### [Exercise]
Using the records below, output the stretch that opens with the line containing "コピック　コピックチャオ　 バリオスインク 0" and closes with the line containing "Margot Denim Skirt - Stellar", exactly and including both lines, with nothing more.

[Opening Records section]

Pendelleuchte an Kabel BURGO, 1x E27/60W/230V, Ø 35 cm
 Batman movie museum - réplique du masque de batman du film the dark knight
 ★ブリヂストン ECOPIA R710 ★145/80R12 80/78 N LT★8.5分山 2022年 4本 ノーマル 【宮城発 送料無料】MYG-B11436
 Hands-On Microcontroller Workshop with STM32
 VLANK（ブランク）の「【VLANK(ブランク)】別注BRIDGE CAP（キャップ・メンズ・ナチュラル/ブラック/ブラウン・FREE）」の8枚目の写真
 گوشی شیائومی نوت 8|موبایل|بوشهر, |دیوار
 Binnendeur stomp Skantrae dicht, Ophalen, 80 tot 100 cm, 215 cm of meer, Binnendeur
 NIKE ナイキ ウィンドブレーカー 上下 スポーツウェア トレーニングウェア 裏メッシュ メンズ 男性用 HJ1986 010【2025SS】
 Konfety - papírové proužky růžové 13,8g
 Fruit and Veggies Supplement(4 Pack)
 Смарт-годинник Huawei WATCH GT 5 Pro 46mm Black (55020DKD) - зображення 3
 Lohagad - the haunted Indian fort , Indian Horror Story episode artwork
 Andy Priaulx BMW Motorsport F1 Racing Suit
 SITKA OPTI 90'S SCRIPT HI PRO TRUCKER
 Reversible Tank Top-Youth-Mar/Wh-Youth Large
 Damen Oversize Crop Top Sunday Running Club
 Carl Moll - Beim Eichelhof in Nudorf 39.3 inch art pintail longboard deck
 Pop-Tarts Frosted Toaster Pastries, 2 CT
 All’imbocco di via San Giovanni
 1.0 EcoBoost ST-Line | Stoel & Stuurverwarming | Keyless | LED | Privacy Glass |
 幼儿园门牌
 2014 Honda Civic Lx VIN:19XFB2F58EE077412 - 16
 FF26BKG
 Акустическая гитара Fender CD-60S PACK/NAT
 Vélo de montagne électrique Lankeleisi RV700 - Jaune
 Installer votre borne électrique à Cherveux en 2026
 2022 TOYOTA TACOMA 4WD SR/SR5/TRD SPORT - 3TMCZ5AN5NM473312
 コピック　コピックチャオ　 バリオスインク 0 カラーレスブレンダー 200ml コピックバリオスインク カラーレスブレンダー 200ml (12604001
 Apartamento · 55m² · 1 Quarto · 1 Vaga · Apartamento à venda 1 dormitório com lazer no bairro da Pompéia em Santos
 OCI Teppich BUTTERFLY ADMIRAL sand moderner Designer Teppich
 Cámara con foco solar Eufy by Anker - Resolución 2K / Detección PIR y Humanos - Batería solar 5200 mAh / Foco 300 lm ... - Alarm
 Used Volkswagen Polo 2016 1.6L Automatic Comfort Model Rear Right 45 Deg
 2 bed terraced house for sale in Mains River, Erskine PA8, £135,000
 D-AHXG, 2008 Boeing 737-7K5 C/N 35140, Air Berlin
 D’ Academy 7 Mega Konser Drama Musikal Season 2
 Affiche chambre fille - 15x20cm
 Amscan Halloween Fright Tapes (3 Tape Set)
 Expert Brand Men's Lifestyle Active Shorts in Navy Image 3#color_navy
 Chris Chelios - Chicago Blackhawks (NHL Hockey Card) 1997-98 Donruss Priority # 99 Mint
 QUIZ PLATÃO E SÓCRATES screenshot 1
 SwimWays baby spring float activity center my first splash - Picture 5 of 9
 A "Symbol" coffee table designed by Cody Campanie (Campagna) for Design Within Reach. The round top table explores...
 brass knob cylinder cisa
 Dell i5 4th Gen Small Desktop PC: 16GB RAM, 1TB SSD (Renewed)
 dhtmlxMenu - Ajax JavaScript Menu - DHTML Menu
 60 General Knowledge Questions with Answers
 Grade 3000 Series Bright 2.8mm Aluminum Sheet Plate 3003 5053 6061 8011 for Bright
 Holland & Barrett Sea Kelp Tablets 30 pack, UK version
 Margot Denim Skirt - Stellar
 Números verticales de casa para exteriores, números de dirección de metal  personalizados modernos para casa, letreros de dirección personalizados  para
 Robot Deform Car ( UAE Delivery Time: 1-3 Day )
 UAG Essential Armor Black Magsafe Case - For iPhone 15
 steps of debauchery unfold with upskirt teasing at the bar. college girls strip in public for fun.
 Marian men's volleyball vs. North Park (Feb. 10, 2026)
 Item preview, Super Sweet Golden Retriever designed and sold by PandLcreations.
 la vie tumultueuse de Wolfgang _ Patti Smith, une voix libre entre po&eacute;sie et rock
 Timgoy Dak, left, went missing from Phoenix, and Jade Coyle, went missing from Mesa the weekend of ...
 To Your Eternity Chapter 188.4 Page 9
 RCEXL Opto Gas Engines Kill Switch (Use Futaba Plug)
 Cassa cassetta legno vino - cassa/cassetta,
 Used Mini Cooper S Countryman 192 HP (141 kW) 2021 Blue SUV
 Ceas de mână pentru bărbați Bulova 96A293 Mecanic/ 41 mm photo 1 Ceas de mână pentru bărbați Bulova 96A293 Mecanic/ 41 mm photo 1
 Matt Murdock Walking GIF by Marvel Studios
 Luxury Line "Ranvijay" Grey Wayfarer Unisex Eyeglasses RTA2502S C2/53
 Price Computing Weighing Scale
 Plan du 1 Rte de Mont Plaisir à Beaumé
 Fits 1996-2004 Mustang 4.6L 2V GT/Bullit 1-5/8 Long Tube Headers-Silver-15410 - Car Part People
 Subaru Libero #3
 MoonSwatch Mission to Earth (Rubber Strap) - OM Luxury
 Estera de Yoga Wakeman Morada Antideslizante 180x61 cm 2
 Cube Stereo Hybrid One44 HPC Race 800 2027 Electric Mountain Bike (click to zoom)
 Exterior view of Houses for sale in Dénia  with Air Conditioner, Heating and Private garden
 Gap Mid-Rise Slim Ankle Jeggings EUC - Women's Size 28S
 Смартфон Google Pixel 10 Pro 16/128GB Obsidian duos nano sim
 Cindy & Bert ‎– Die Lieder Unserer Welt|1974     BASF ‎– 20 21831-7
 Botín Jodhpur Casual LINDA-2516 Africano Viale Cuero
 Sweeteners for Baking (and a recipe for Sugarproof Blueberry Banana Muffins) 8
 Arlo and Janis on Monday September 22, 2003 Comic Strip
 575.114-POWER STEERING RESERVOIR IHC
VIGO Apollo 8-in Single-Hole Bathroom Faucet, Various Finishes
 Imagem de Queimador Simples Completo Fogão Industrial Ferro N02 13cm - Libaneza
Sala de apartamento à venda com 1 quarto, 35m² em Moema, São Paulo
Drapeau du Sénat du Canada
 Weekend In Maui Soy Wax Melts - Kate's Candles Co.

[Closing Records section]

### [Answer space]
 コピック　コピックチャオ　 バリオスインク 0 カラーレスブレンダー 200ml コピックバリオスインク カラーレスブレンダー 200ml (12604001
 Apartamento · 55m² · 1 Quarto · 1 Vaga · Apartamento à venda 1 dormitório com lazer no bairro da Pompéia em Santos
 OCI Teppich BUTTERFLY ADMIRAL sand moderner Designer Teppich
 Cámara con foco solar Eufy by Anker - Resolución 2K / Detección PIR y Humanos - Batería solar 5200 mAh / Foco 300 lm ... - Alarm
 Used Volkswagen Polo 2016 1.6L Automatic Comfort Model Rear Right 45 Deg
 2 bed terraced house for sale in Mains River, Erskine PA8, £135,000
 D-AHXG, 2008 Boeing 737-7K5 C/N 35140, Air Berlin
 D’ Academy 7 Mega Konser Drama Musikal Season 2
 Affiche chambre fille - 15x20cm
 Amscan Halloween Fright Tapes (3 Tape Set)
 Expert Brand Men's Lifestyle Active Shorts in Navy Image 3#color_navy
 Chris Chelios - Chicago Blackhawks (NHL Hockey Card) 1997-98 Donruss Priority # 99 Mint
 QUIZ PLATÃO E SÓCRATES screenshot 1
 SwimWays baby spring float activity center my first splash - Picture 5 of 9
 A "Symbol" coffee table designed by Cody Campanie (Campagna) for Design Within Reach. The round top table explores...
 brass knob cylinder cisa
 Dell i5 4th Gen Small Desktop PC: 16GB RAM, 1TB SSD (Renewed)
 dhtmlxMenu - Ajax JavaScript Menu - DHTML Menu
 60 General Knowledge Questions with Answers
 Grade 3000 Series Bright 2.8mm Aluminum Sheet Plate 3003 5053 6061 8011 for Bright
 Holland & Barrett Sea Kelp Tablets 30 pack, UK version
 Margot Denim Skirt - Stellar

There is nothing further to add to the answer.